§ **Your task**: Write out, as an exact transcription, the line that has "skull en tiffany stone" and each line after it through the end of the data below.

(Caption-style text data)
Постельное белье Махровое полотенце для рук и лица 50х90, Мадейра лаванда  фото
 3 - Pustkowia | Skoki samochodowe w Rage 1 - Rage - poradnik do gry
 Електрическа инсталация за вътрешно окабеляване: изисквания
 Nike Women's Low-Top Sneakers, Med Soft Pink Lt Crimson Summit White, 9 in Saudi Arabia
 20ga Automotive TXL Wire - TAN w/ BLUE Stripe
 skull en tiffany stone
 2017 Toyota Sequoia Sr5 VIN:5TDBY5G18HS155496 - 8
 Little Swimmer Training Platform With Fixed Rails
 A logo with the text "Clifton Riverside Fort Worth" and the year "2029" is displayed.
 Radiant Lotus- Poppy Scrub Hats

§ **Your response**:
 skull en tiffany stone
 2017 Toyota Sequoia Sr5 VIN:5TDBY5G18HS155496 - 8
 Little Swimmer Training Platform With Fixed Rails
 A logo with the text "Clifton Riverside Fort Worth" and the year "2029" is displayed.
 Radiant Lotus- Poppy Scrub Hats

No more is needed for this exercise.